With the pictures left out, copy the listing below exactly.
--
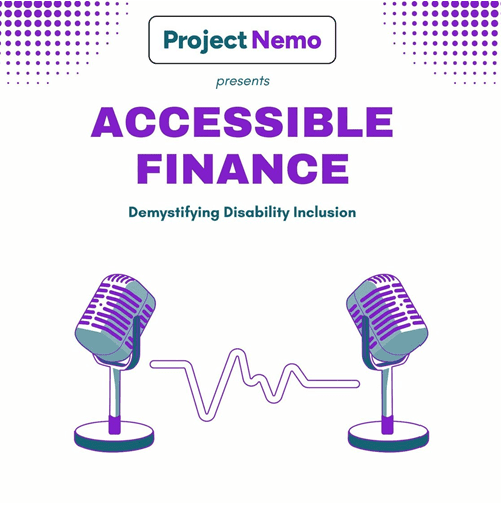Project Nemo Accessible Finance podcast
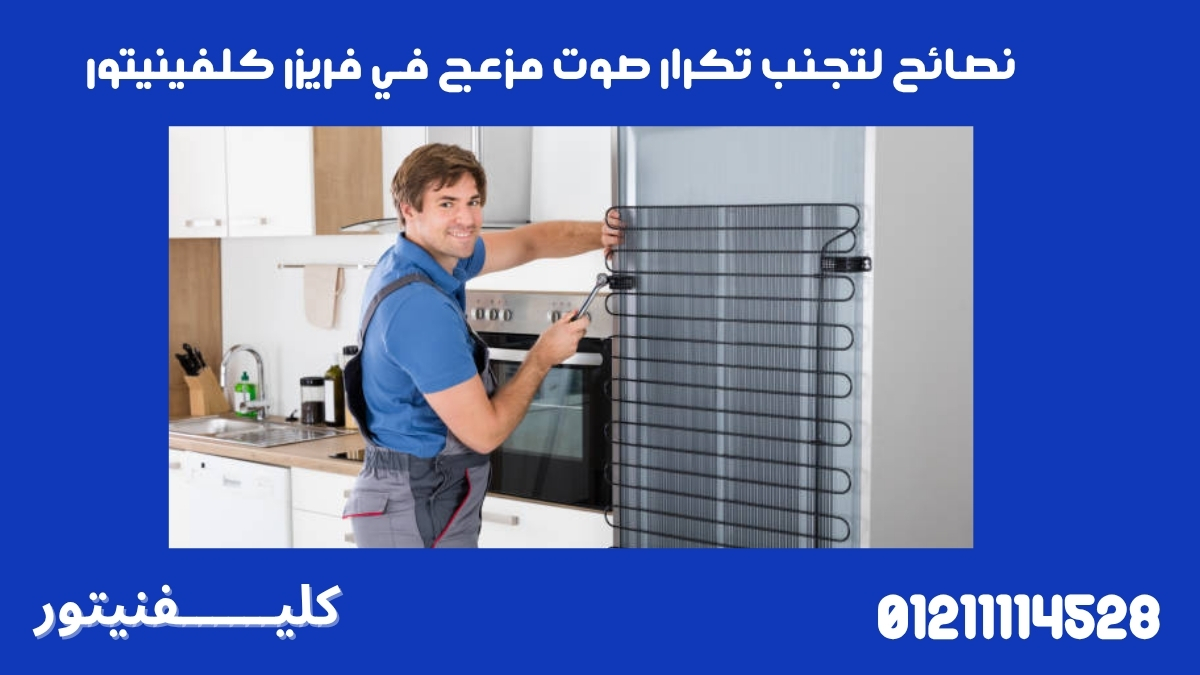 نصائح لتجنب تكرار صوت مزعج في فريزر كلفينيتور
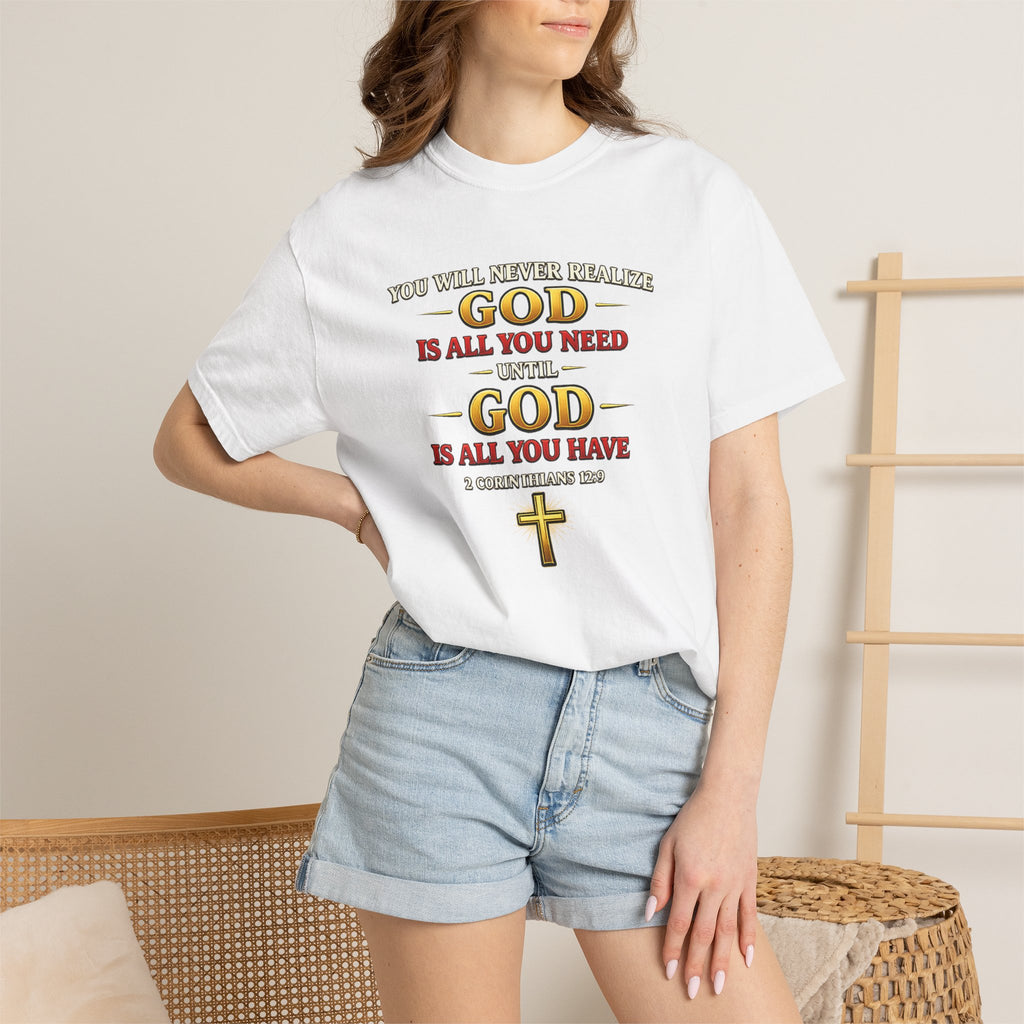 Christian T-Shirt - "God Is All You Need" Faith Cross Tee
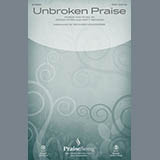 Richard Kingsmore 'Unbroken Praise' SATB Choir
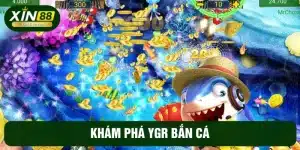 YGR bắn cá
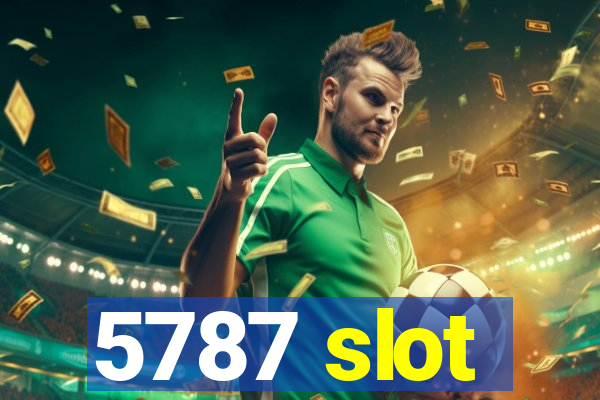 5787 slot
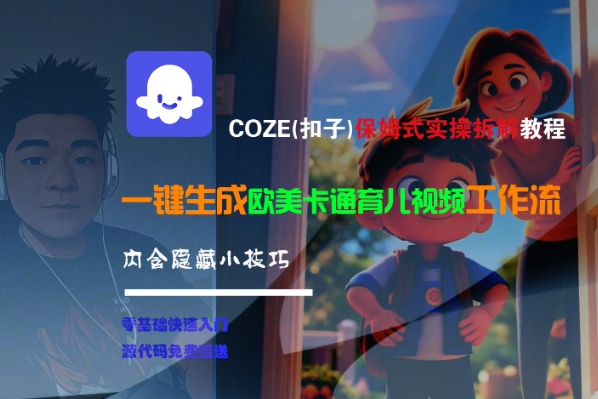 COZE(扣子)保姆式实操拆解教程，一键生成欧美卡通有儿视频工作流，内含隐藏小技巧-占领资源网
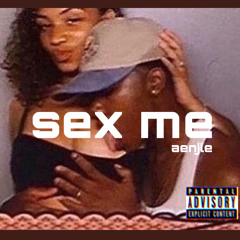 sex me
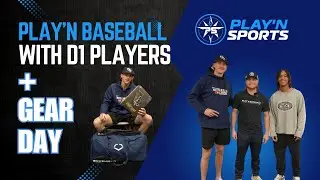 Play'n Baseball with College Athletes + D1 GEAR DAY!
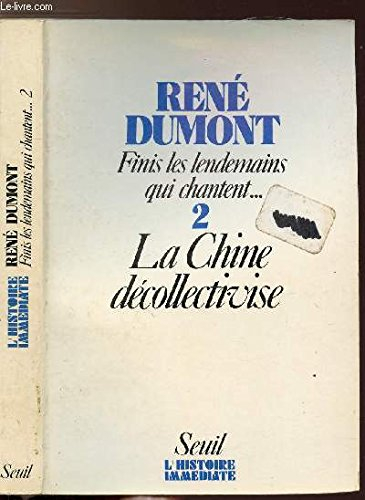 Finis les lendemains qui chantent. Vol. 2. Surpeuplée, totalitaire, la Chine décollectivise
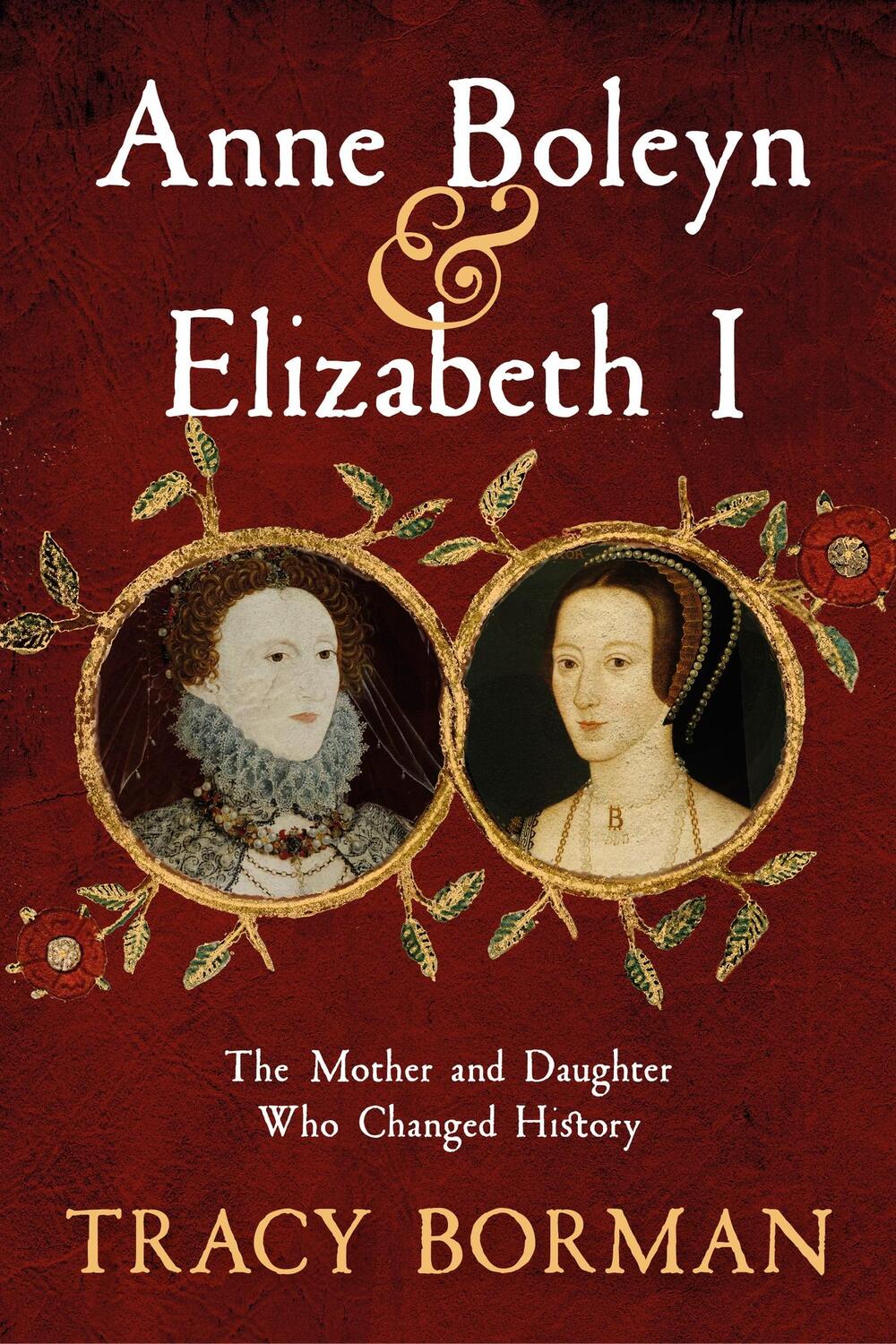 Cover: 9781399705080 | Anne Boleyn &amp; Elizabeth I | Tracy Borman | Buch | 2023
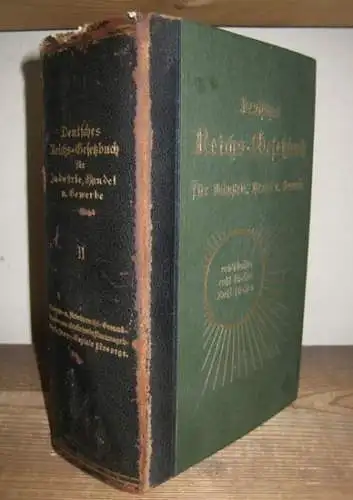 Deutsches Reichsgesetzbuch.  Curt Ehrlich, Paul Seidel u.a: Deutsches Reichs Gesetzbuch, Band II apart, für Industrie, Handel und Gewerbe einschließlich Handwerk und Landwirtschaft. Vollständige Sammlung.. 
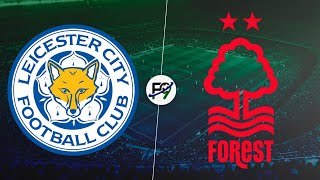 ENORME VICTORIA DEL NOTTINGHAM FOREST ANTE LEICESTER POR 3-1 PARA METERSE EN ZONA DE EUROPA LEAGUE 🔴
--
▸ RESULT
Project Nemo Accessible Finance podcast
 نصائح لتجنب تكرار صوت مزعج في فريزر كلفينيتور
 Christian T-Shirt - "God Is All You Need" Faith Cross Tee
 Richard Kingsmore 'Unbroken Praise' SATB Choir
 YGR bắn cá
 5787 slot
 COZE(扣子)保姆式实操拆解教程，一键生成欧美卡通有儿视频工作流，内含隐藏小技巧-占领资源网
 sex me
 Play'n Baseball with College Athletes + D1 GEAR DAY!
 Finis les lendemains qui chantent. Vol. 2. Surpeuplée, totalitaire, la Chine décollectivise
 Cover: 9781399705080 | Anne Boleyn &amp; Elizabeth I | Tracy Borman | Buch | 2023
 Deutsches Reichsgesetzbuch.  Curt Ehrlich, Paul Seidel u.a: Deutsches Reichs Gesetzbuch, Band II apart, für Industrie, Handel und Gewerbe einschließlich Handwerk und Landwirtschaft. Vollständige Sammlung.. 
 ENORME VICTORIA DEL NOTTINGHAM FOREST ANTE LEICESTER POR 3-1 PARA METERSE EN ZONA DE EUROPA LEAGUE 🔴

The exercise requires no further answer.